Here, two shafts were sunk immediately to the north of the Coxe or Wharton Hall Fault which had a downthrow of some 225 feet to the north. The Six Feet or Rams Mine was intersected at 315 feet and the Seven Feet or Black & White Mine was reached at 600 feet from the surface. Coal was worked northwards from the shafts, to the rise, the dip of the seams being approximately 1 in 4.5 southwards. Closed for coal winding in 1893, the colliery continued to be used for some time, winding fireclay, supplying the adjacent brickworks. Pumping was also still carried on.

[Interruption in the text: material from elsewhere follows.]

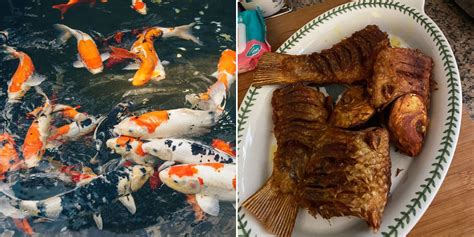 What Can You Feed Koi Fish? And Why Do They Sometimes Act Like They’re in a Gourmet Cooking Show?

A single 12 inch ram pump was located at the Six Feet Mine and the water was raised to the surface in a single lift from the pump. The pump was operated by a Bull type engine having a cylinder 40 inches bore by eight feet stroke. Steam for the colliery was supplied by three Lancashire boilers, 7ft diameter by 26ft long, pressed to 45psi. The late Alan Gerrard related to me that as a boy he watched, with some amazement, water being wound in tanks at Combermere. This would probably be in the 1920s.

Immediately following World War II, the brickworks was revived for a time but by the early 1950s the whole site was derelict. Two 7ft diameter Lancashire boilers remained in situ, as did a small winch housed in the former winding engine house.